I’m on a little, tucked away hill between ancient Jaffa and the sprawling city of Tel Aviv, which arguably is the most happening place to be in the Levant today. It’s blessed with awesome beaches and combines vibe and food and, if you choose, luxury.
The Drisco is luxury, old-fashioned luxury. Our fabulous suite is lined with French doors, all opening to the balcony, fine linen curtains gently blowing in the wind; five-bladed fans circling above, a fully stocked (complimentary) bar, a massive bed with a leather chaise longue at its feet, and, my favorite – a Carrera marble bathroom with a power shower and huge tub with possibly the best view in the city.
We are in the American Colony, a little-known one-street neighborhood of anachronistic wooden houses manufactured in Maine just after the American Civil War and assembled here by a group of American Evangelical pilgrims in 1866.
Two brothers, George and John Drisco, set up a 12-room hotel hoping to cash in on the burgeoning tourism trade and be the first destination for pilgrims on their way to Jerusalem.
The Drisco brothers, the Germans and Mark Twain
In the spring of 1867, America’s favorite everyman Mark Twain wrapped up his journey to the Promised Land in the basement of this hotel where he penned his scathing travelogue The Innocents Abroad. The Drisco brothers sold the hotel to German Adventists, and the survivors of the American Colony joined Mark Twain on the steamer Quaker City back to the US.
The Germans expanded it to over 50 rooms, thriving during the Ottoman period and British Mandate, but it ultimately was abandoned for 50 years until meticulously restored and reopened in 2018.
The Drisco seems almost out of place in a city packed with glitzy hotels and mushrooming skyscrapers. We entered the lobby and stepped back in time into an alternate reality, close to the city’s modern beachfront but a world away from the crowded cluster of 1980s brute, mammoth hotel chains.
Tel Aviv is being hailed as a foodie destination, and hence, anyone dining at the George & John restaurant is in for a sumptuous treat. It’s one of the city’s most-loved, showcasing local contemporary haute-cuisine.

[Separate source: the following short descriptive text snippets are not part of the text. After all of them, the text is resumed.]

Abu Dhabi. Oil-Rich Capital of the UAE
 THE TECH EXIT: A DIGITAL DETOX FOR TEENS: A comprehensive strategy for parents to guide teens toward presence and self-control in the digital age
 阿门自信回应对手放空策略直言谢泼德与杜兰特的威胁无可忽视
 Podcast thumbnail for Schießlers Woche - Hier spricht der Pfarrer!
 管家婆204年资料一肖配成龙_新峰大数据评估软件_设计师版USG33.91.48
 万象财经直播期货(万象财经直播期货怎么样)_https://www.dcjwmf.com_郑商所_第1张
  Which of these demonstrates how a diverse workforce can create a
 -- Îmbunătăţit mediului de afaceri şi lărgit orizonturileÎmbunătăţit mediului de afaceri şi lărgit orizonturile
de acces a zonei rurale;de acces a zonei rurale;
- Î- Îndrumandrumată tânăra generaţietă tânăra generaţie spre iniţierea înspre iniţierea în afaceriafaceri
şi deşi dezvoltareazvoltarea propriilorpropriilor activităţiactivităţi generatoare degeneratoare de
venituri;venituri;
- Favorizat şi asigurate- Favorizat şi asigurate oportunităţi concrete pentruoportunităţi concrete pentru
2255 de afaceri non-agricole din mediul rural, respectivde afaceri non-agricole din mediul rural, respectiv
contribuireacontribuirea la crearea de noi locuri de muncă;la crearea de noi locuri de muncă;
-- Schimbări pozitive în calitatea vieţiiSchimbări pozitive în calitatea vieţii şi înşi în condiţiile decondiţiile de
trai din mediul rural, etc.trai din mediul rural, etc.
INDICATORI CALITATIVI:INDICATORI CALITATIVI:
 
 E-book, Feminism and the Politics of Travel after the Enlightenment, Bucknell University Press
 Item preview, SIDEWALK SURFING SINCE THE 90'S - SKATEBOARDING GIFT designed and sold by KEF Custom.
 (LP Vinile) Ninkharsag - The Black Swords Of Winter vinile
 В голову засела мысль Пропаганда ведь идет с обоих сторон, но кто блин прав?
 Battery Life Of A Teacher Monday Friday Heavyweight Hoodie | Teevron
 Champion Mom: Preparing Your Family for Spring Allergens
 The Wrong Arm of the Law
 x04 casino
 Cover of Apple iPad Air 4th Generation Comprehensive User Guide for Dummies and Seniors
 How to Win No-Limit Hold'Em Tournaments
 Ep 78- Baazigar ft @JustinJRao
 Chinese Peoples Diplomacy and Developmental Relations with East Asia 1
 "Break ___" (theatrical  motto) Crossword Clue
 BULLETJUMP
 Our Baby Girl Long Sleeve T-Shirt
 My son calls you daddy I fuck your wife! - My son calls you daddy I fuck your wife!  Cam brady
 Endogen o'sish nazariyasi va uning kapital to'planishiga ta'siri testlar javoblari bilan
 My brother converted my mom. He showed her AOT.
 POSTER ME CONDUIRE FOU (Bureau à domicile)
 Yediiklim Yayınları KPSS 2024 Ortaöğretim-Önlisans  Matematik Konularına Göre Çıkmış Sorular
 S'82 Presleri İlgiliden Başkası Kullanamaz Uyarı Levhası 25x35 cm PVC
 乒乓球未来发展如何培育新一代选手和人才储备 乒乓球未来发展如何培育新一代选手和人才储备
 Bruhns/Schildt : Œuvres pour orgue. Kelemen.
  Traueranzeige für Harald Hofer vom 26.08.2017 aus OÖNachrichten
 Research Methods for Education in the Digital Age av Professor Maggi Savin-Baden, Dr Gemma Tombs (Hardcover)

Before dinner we gather on the rooftop for wine and cheese, mingling with tourists and locals who have come to watch the sunset.
The affable and dapper hotel manager Hezi Talay greets us. He says about 75% of the guests are foreign tourists. “[They’re] people who don’t want to be in the big hotels, without all those groups and without loud children and people. They want to have the full attention and not be swallowed by the other crowds,” Talay says, adding that the Drisco prides itself on the personal touch.
“We have an average of three hotel employees per guest. We take care of the small things. We try to make the guests feel like they are our family members. There are lots of hotels here in Tel Aviv, like mushrooms after the rain, we say in Hebrew, and we like to make [guests] feel like they are coming to a special place.”
“We have an average of three hotel employees per guest. We take care of the small things. We try to make the guests feel like they are our family members. There are lots of hotels here in Tel Aviv, like mushrooms after the rain, we say in Hebrew, and we like to make [guests] feel like they are coming to a special place.”
Hezi Talay
Down in George & John
Down in George & John is chef Tomer Tal, who has been named one of the most promising chefs in the country by the prestigious Gault & Millau guide.
Our table has a little lamp, which adds to the bygone flavor of the dining experience, which turns out to be not only incredibly delicious, but artistically beautiful.
It’s filled with young people, couples, and families in celebration, with low-key indie jazz whispering out of hidden speakers. The mirror wall makes it seem larger, larger than life. Of course, I order the American Colony cocktail (a cognac & Sazerac rye & bitters mix for the adventurous palate).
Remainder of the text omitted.